U.S. Policy in South Africa


----------



## DannyBoy (Apr 29, 2009)

Why are you SPECIFICALLY targeting the Jews?

Are you saying that "PEOPLE LIKE YOU" and "YOUR FAMILY" are innocent of the so-called apartheid legacy, and that ONLY the "EVIL JEWS" who rejected the Mythical Christ should be sent back to the "Labour Camps in the East" to atone for the "great crimes against the native Africans".

Explain....'cos I don't get what you're saying.


----------



## JoziJoe (Mar 21, 2008)

DannyBoy said:


> Why are you SPECIFICALLY targeting the Jews?
> 
> Are you saying that "PEOPLE LIKE YOU" and "YOUR FAMILY" are innocent of the so-called apartheid legacy, and that ONLY the "EVIL JEWS" who rejected the Mythical Christ should be sent back to the "Labour Camps in the East" to atone for the "great crimes against the native Africans".
> 
> Explain....'cos I don't get what you're saying.



It’s a pity that you interpret my questions regarding the *ambiguity *of Jews *as well as, the British, *who formed an *undeniably prominent part of South African society during the Apartheid era,* as specifically targeting the "evil Jews". That was not the intention at all.

Rest assured though, you are in good company, being depicted as “evil” has been the fate of many nations. As far as South Africa goes, the *white Afrikaner *farmer, *to date,* still stands strongly “accused” and associated as being the major cause of the evil named Apartheid. 

Misrepresentation of the white Afrikaner’s role in Apartheid (a smear campaign of massive proportion engineered by the very people who were the original architects of Apartheid) ensured that this concept was globally cemented into the minds of those just watching TV news, an audience unlikely to query the motivations of such a campaign over a dinner of bangers and mash. *The White Afrikaners were not the architects of Apartheid, they were the perpetrators of Apartheid.*

By the same token, *the Black nations of Southern Africa* have suffered misrepresentation on massive scale too, being portrayed as a savage, tribal society without structure, intellectually incapable of political and economical success. 

It makes being called “evil Jews” almost mild in comparison.

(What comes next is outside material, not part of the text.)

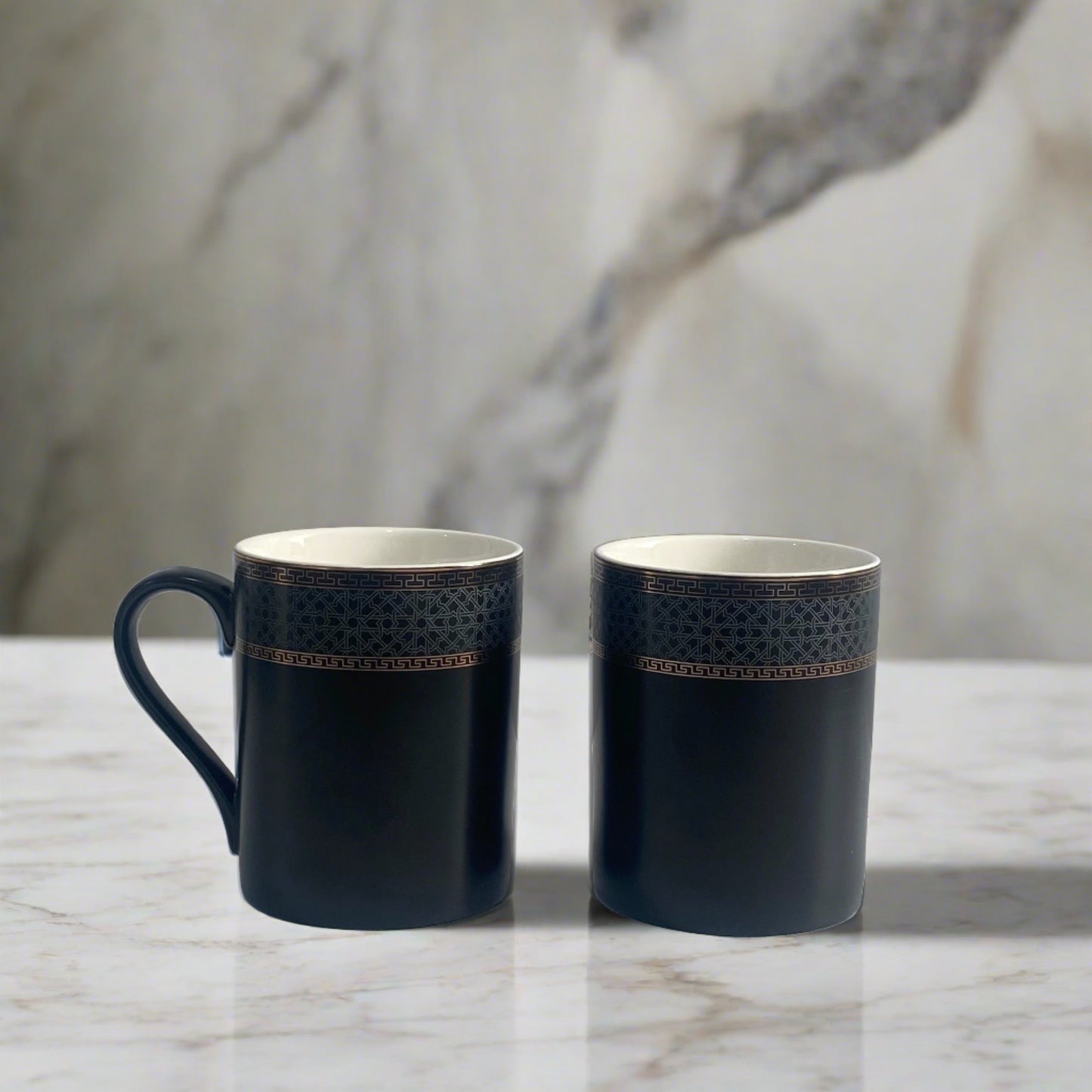 Black Matte Coffee Mug Set of 2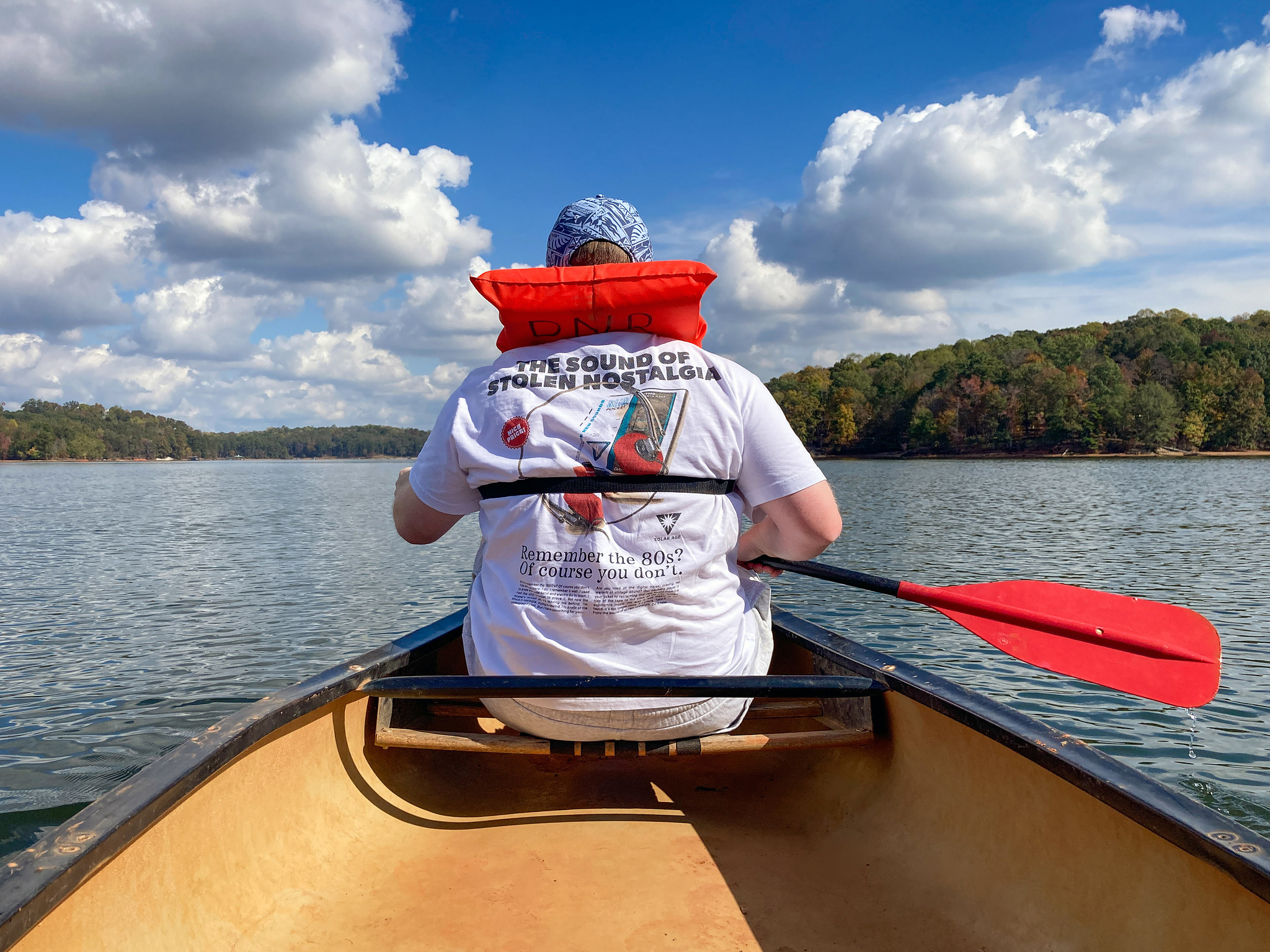 The view from the back of our canoe as my son and I paddle across Lake Hartwell. We spent three days at Tugaloo State Park.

The only *prominent part of the complex South African Apartheid Society* that seem to be *free of condemnation or blame, are the British,* the group that laid the *cornerstone of Apartheid.* Irrespective of historical facts, they live in total denial and accept no responsibility for their actions. 



> British High Commissioner Milner, with crucial "gold bug" backing, began secretly to foment a full-scale war to drag the Boer lands into the Empire. While publicly preparing to "negotiate" with President Kruger over the status of the "uitlanders," Milner was secretly confiding his intention to "screw" the Boers.


The Boer War Remembered

Were any *British *or *Jewish Apartheid benefactors* called to testify at the TRC (Truth and Reconciliation Commission), as were the white Afrikaner villains of Apartheid? Perhaps Harry Oppenheimer should have been summonsed to explain his actions: 



> But Oppenheimer's role as the leading businessman in South Africa made his position within the racist regime ambiguous.
> His labor-intensive mines thrived on a migrant labor system that forced black workers to live apart from their families, and his companies paid black workers far less than whites.
> 
> *His economic success was considered crucial to the survival of the apartheid government,* which ruled until South Africa's first all-race elections in 1994.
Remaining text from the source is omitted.